I am criticizing the methodology and aims of AU Outreach. But what am I proposing as an alternative – should Andrews University disengage from Benton Harbor, leave it to those with roots in the community, those with more experience? Absolutely not. Andrews University has made some meaningful, contributions in Benton Harbor over the years. Currently Andrews University sends students into communities throughout Southwest Michigan to volunteer as tutors through the Socrates Project (an excellent, under-publicized program), and gives students volunteer opportunities through Prof. Larry Ulery’s  Service Learning program.

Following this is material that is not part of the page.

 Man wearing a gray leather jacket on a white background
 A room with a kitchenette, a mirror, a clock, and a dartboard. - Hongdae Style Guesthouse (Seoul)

Perhaps the greatest helps that Andrews University can give Benton Harbor are through education and through capacity-building for area non-profits. Andrews University can encourage education, and higher education, in Benton Harbor by giving technical and capacity-building support in the public school system, working with Michigan Works (as Lake Michigan College is currently doing) in continuing and adult education, offering parenting classes, or setting aside scholarships for high-achieving Benton Harbor high school students who want to go to college.  Many of these programs could be undertaken using student-volunteers and university faculty and staff, AU’s greatest resources. These concepts and possibilities have been discussed, I’m told, at AU for decades. The problem has been follow-through and sustainability, two things that AU Outreach has had in spades. Political will for meaningful involvement in Benton Harbor is needed, however, and this must include concerted efforts by university administration, the student government (AUSA), departments, and campus clubs (such as Action).

To paraphrase Dr. Martin Luther King, Benton Harbor would like to be Andrews University’s brother, not its brother-in-law. Great strides can be taken in Benton Harbor, and Andrews University can be a part of this effort if there is there is the willpower to create intelligent, sustainable collaborations, and if Andrews University is willing to forgo proselytizing for partnership.

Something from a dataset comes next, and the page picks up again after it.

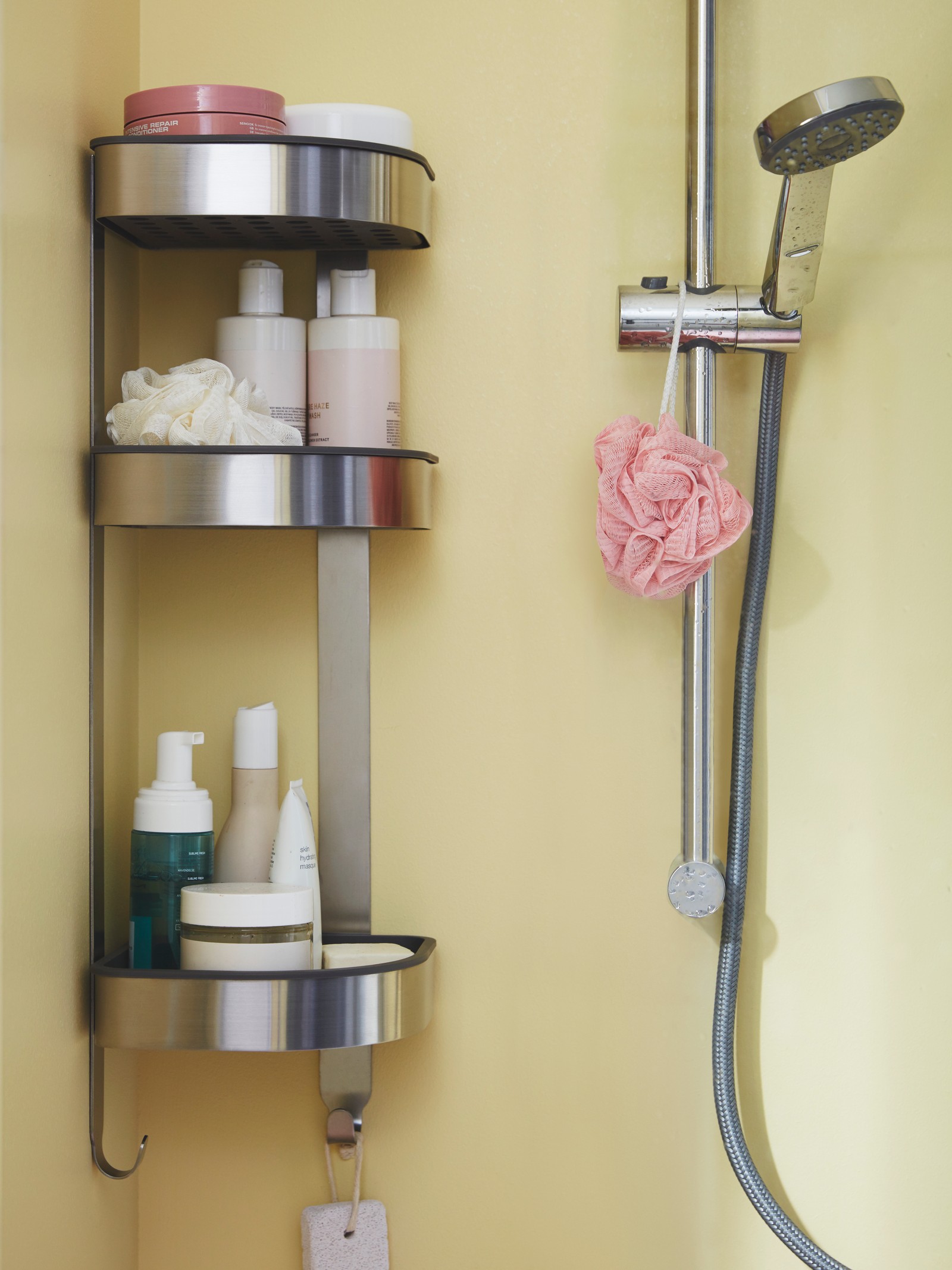 Un organizador vertical cromada VALLAMOSSE plateada con artículos de ducha en sus repisas y al costado una ducha IKEA.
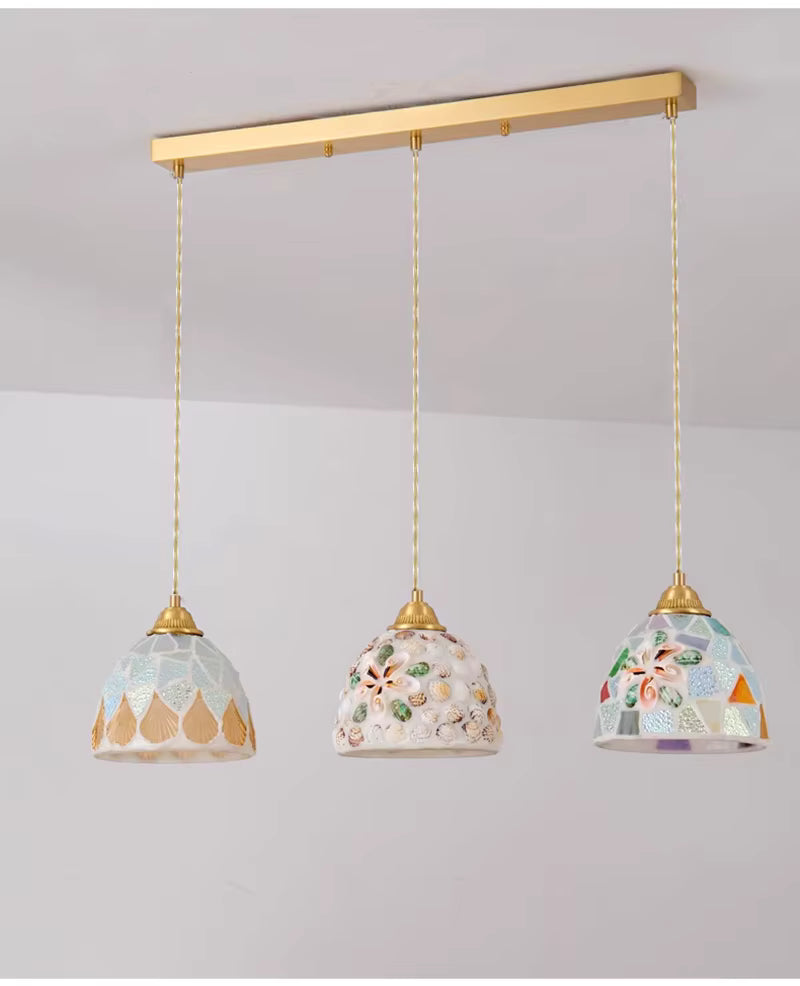 Suspension triple en verre façonné sur barre dorée, déclinant trois décors de coquillages dans un esprit côtier chic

*There is some data to support the idea that religiosity is inversely related to volume of substance use, specifically alcohol and tobacco. But with no evaluation methodology it is difficult whether to say whether Outreach has been successful in this, or whether this has been an intent of the program.

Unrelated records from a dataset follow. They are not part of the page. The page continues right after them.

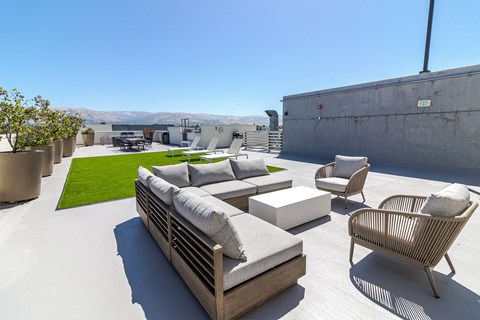 a lounge area on the roof of a building with couches and chairs
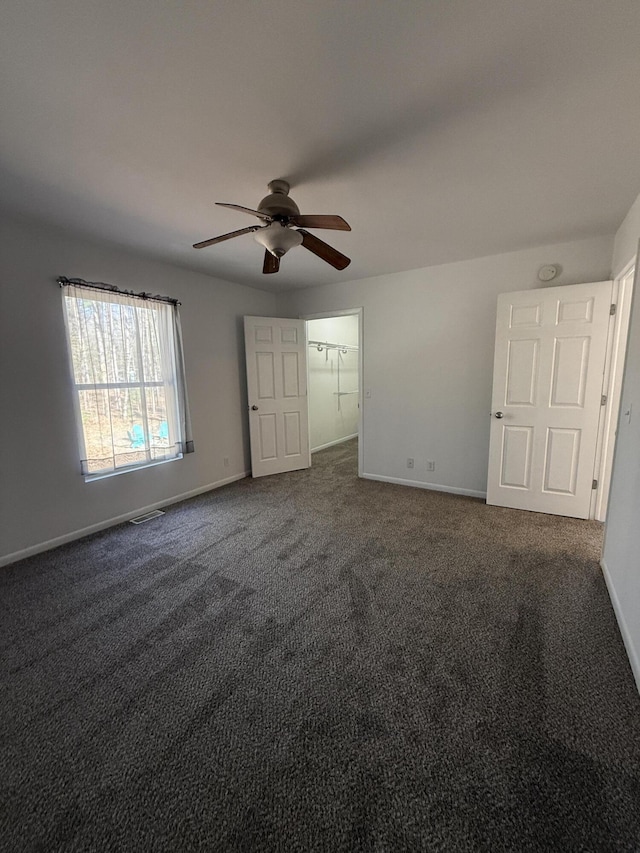 unfurnished bedroom featuring dark colored carpet, baseboards, and ceiling fan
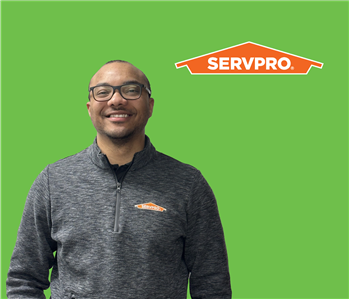 SERVPRO employee with glasses wearing a grey shirt in front of a white background
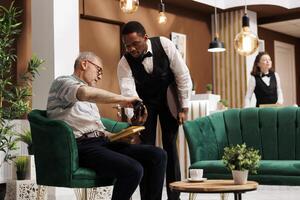 Retired old man pays with credit card at POS in hotel lobby, assuring quick and secure reservation transaction. Elderly guy with book makes cashless payment with help from african american waiter. photo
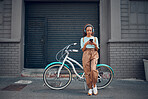 Headphone, woman and phone with bicycle in city listening to music or podcast streaming outdoor in summer with trendy look. Eco friendly transportation for carbon footprint bike using 5g network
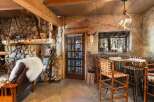 Step into rustic elegance with this stunning property, featuring a cozy stone fireplace and exposed wooden beams.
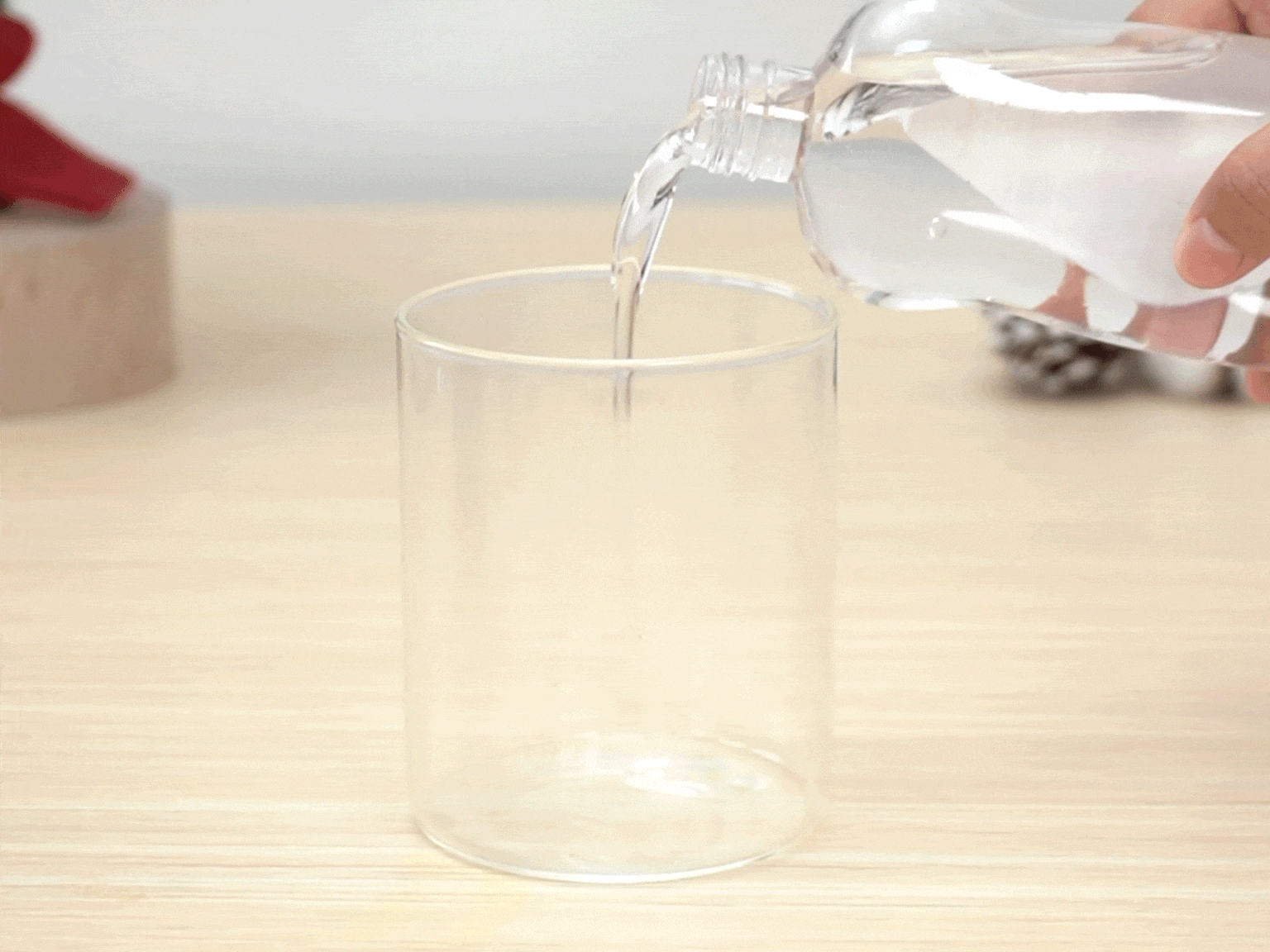A clear plastic bottle is being tilted, pouring a clear liquid into a clear glass tumbler. The glass sits on a light-colored wooden table. A blurred red object and a pine cone are visible in the background, slightly out of focus.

**This is based on demographic data from similar communities

*** Outreach’s programs include five for children: R.O.C.K, Bilingual Kids, Buddies Forever, Kidzone, and Youth Ministry. The description of R.O.C.K. says that  its purpose is “Establishing individual, mentoring relationships to show the children of Benton Harbor a better way to live.” Mentoring is an effective way of creating change and motivating young people to make positive choices (although “a better way to live” is an interesting phrase), and once-weekly meetings could be enough to influence these children positively. Questions remain, however, as to whether this mentorship is of a religious nature, and if so if it is superior in effect to educational mentoring; if there is a perceived lack of positive influences in the children’s lives, and what this perception might be based on; if this effort is more ecumenical or sectarian; and whether these programs show any long-term benefits.

3 Comments leave one →
  1. Patricia Kayden permalink
    October 16, 2009 11:50 pm

    It’s good to hear that AU is trying to reach out to the Benton Harbor community. As Jesus said, the poor will be with us always. So, it’s our duty to do our best and not worry that our efforts cannot do more to alleviate the chronic poverty in inner cities.

  2. Cari permalink
    October 29, 2009 3:42 am

    Loved reading this and couldn’t agree with you more!